Fergal Heaney

Personal information
- Native name: Fearghal Ó hÉanna (Irish)
- Born: 16 April 1978 (age 48) Dundrum, County Tipperary, Ireland
- Height: 6 ft 1 in (185 cm)

Sport
- Sport: Hurling
- Position: Full-back

Club
- Years: Club
- Knockavilla–Donaskeigh Kickhams

Club titles
- Tipperary titles: 0

Inter-county
- Years: County / Apps (scores)
- 1999-2000: Tipperary / 3 (0-00)

Inter-county titles
- Munster titles: 0
- All-Irelands: 0
- NHL: 1
- All Stars: 0

= Fergal Heaney =

Irish hurler (born 1978)

Fergal Heaney (born 16 April 1978) is an Irish former hurler.
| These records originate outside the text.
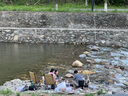 漁之源釣魚(yú)鋁合金可折疊伸縮抄網(wǎng)桿輕便攜撈魚(yú)網(wǎng)兜抄網(wǎng)頭套裝 0.9m30cm 曬單實(shí)拍圖
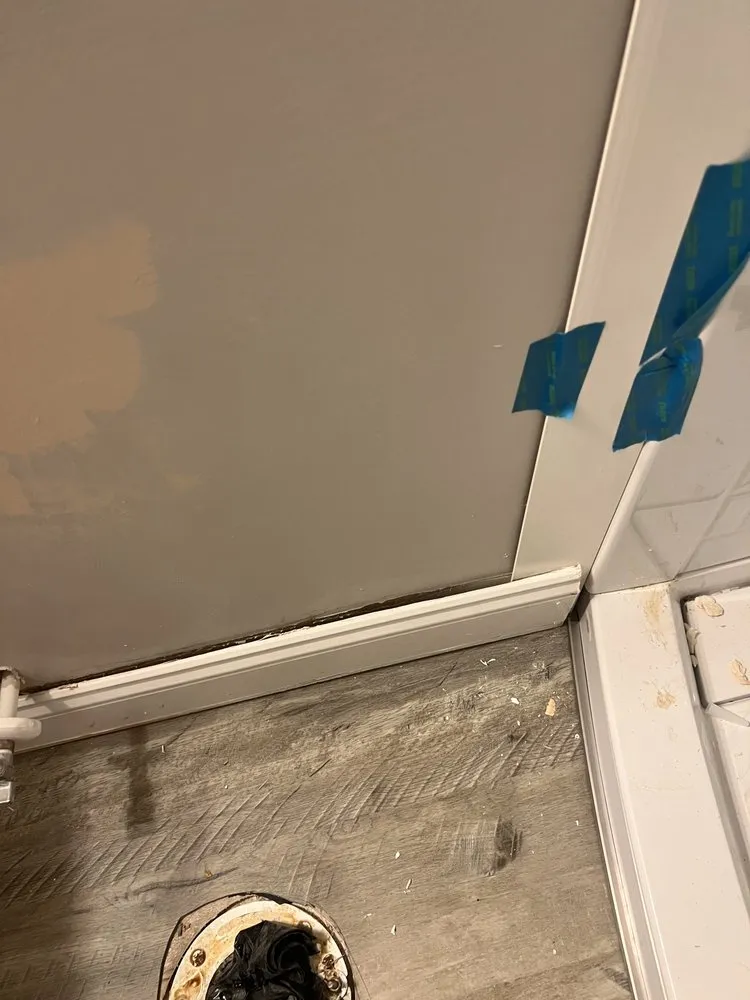 Professional landscape installation in Garner, NC - King & Queen of Clean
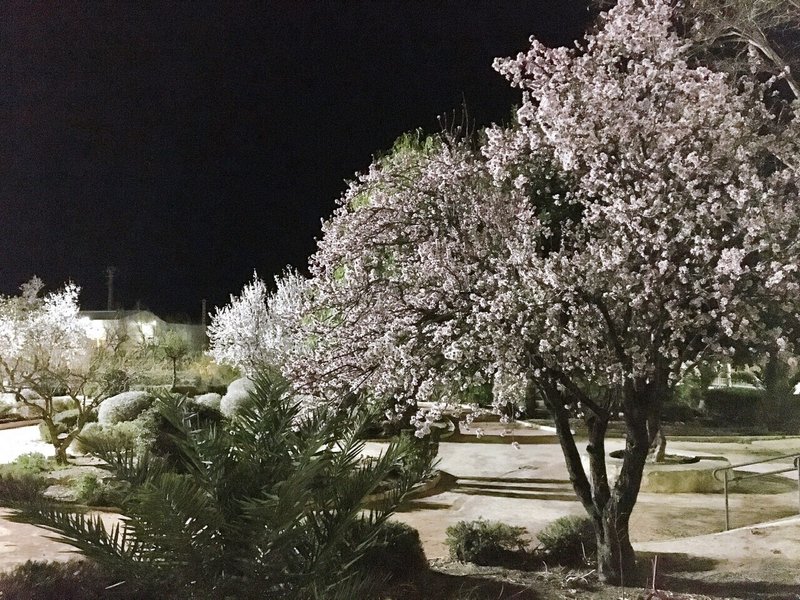 スペインで桜 Saki Note スペインで桜 Saki Note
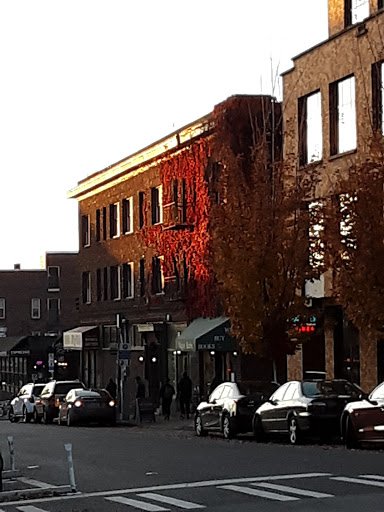 Used Book Store «Magus Books», reviews and photos, 1408 NE 42nd St, Seattle, WA 98105, USA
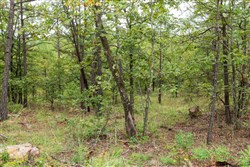 property photo for Stone Bridge Phase V Tract 422, 5.45 acres for sale in LatimerHaskell County, Oklahoma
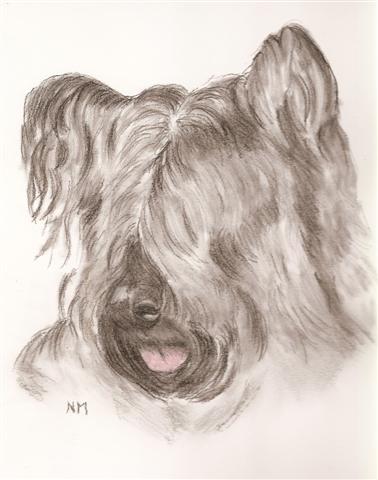 skye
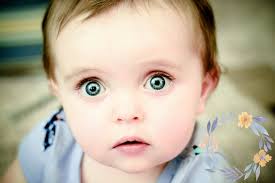 Carrie Cox Photography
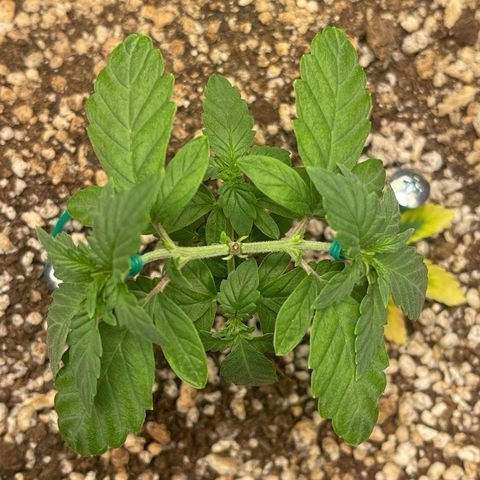 24K growlog timeline photo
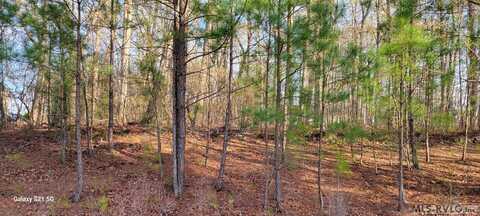 LOT 67 Lake Pointe Drive, Roanoke Rapids, NC 27870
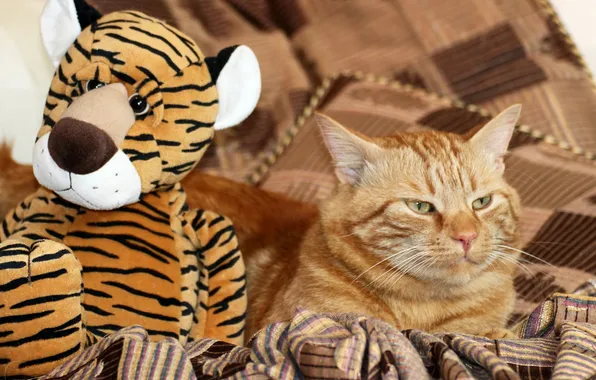 Cat, cat, look, pose, face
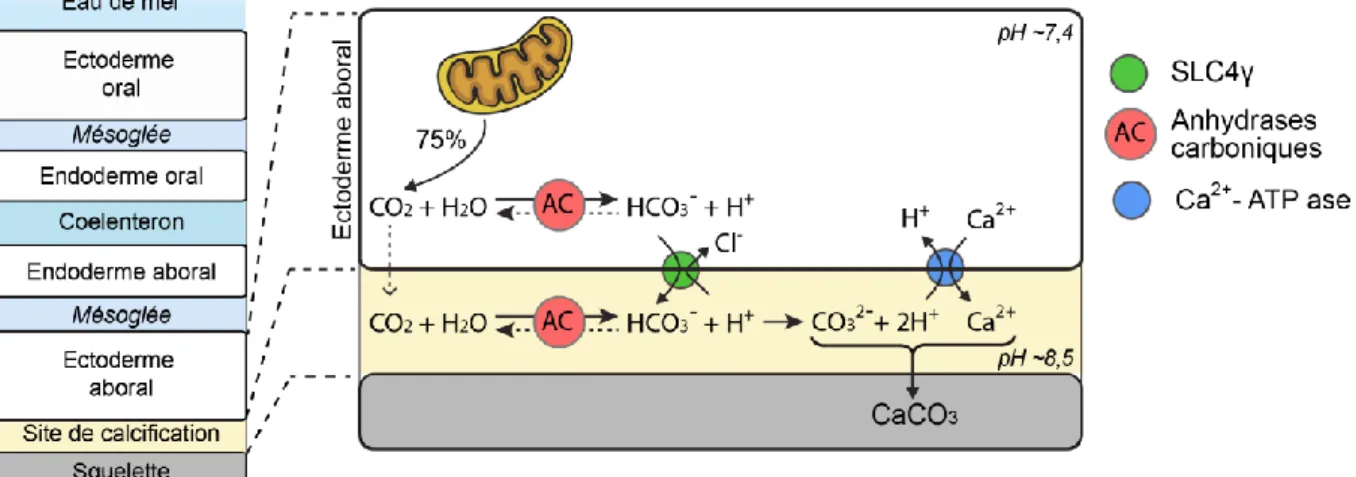 Figure  11| Schéma récapitulatif du transport  par la  voie transcellulaire  des  ions  nécessaires à la précipitation de CaCO 3  chez un corail scléractiniaire, entre l’ectoderme  aboral et le site de calcification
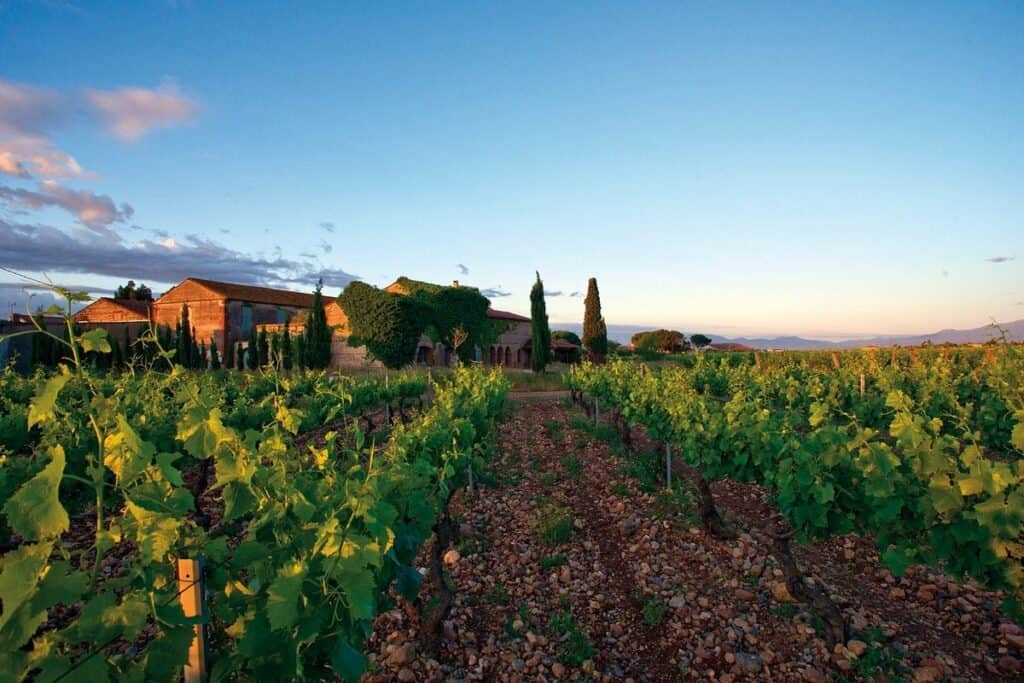 Mas Baux vineyard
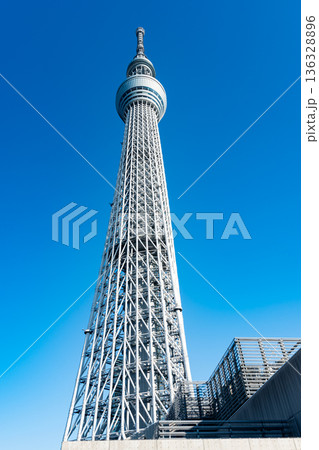東京スカイツリーと綺麗な青空　東京都墨田区押上 136328896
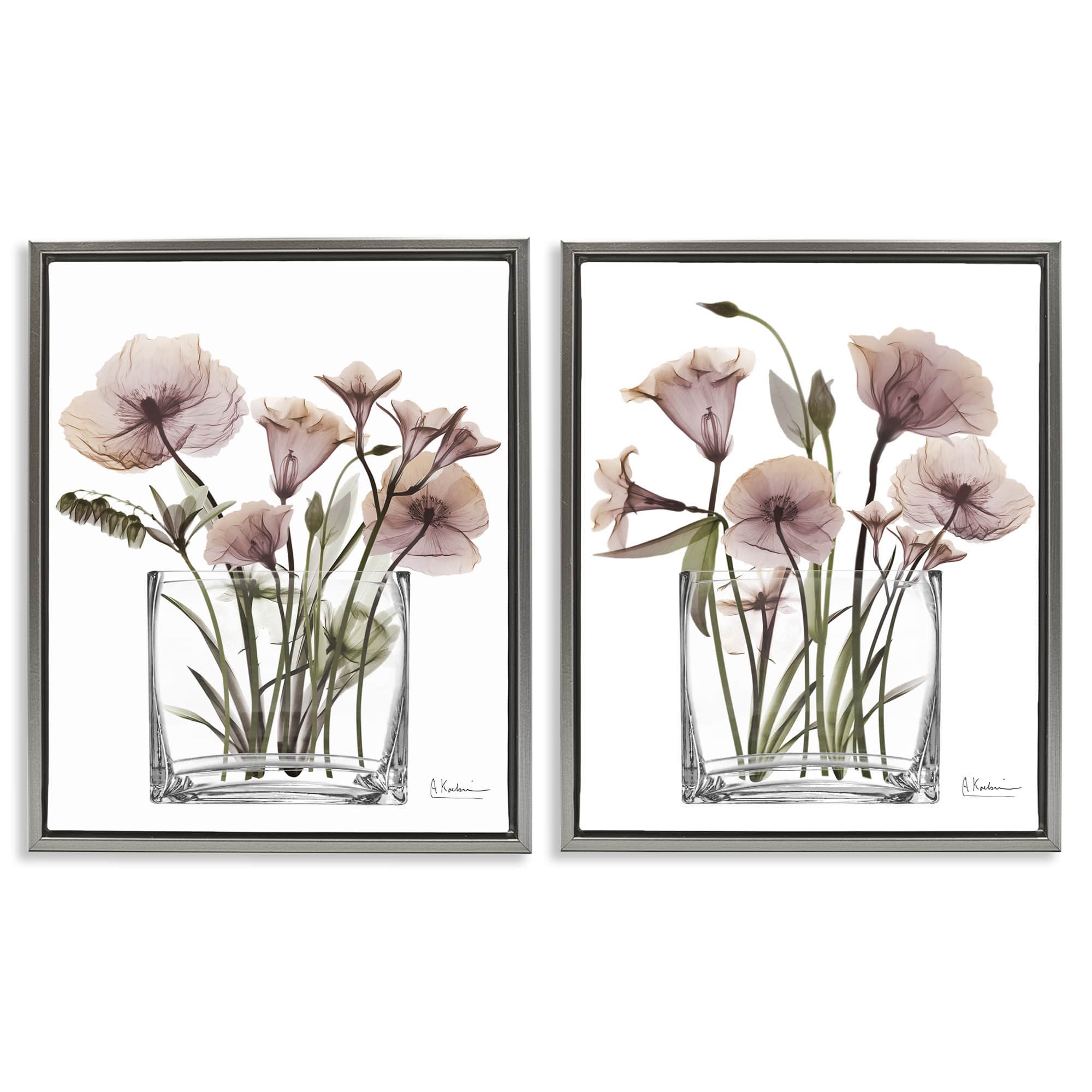 Stupell Industries B2-703-FFL-2PC-16X20 Earthy Infatuation Bouquet 2 Piece Gray Framed Floater Canvas Set By Albert Koetsier 17 x 21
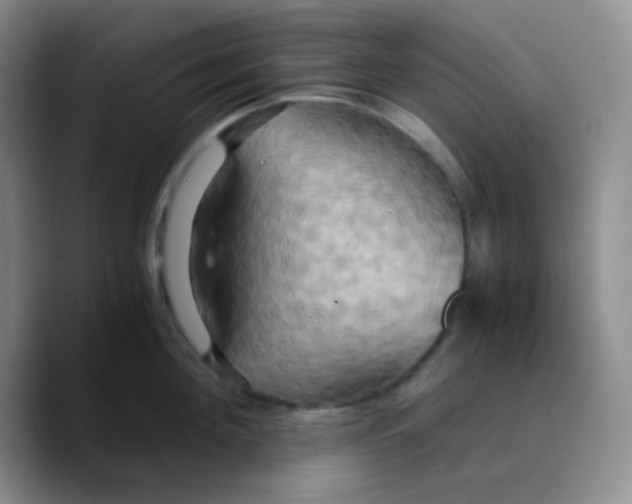 X0000089730908200707201839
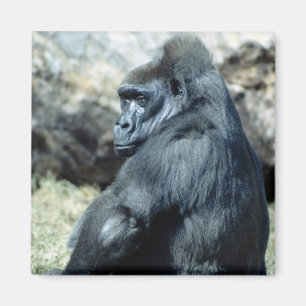 Aimant Sitting Gorilla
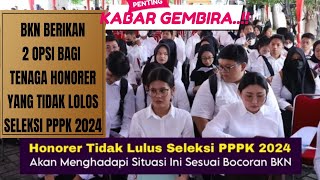 INFO TERBARU  BKN BERIKAN 2 OPSI BAGI TENAGA HONORER YANG TIDAK LOLOS SELEKSI PPPK 2024SIMAK [upl. by Damian]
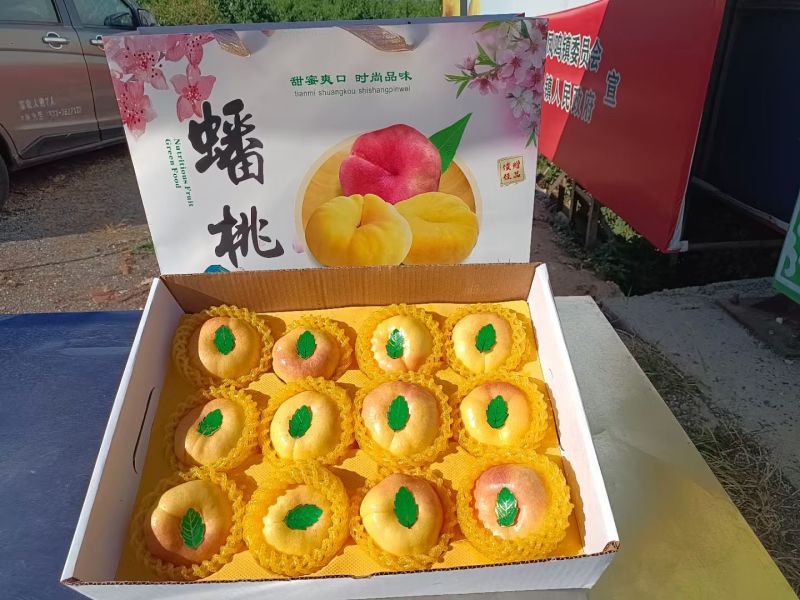 油蟠桃36-5和7-7便宜出售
At club level, he played with Knockavilla–Donaskeigh Kickhams and at inter-county level with the Tipperary senior hurling team.

==Playing career==

At club level, Heaney first played with Knockavilla–Donaskeigh Kickhams at juvenile and underage levels, before progressing to adult level. He won West Tipperary SHC titles in 1997 and 1999.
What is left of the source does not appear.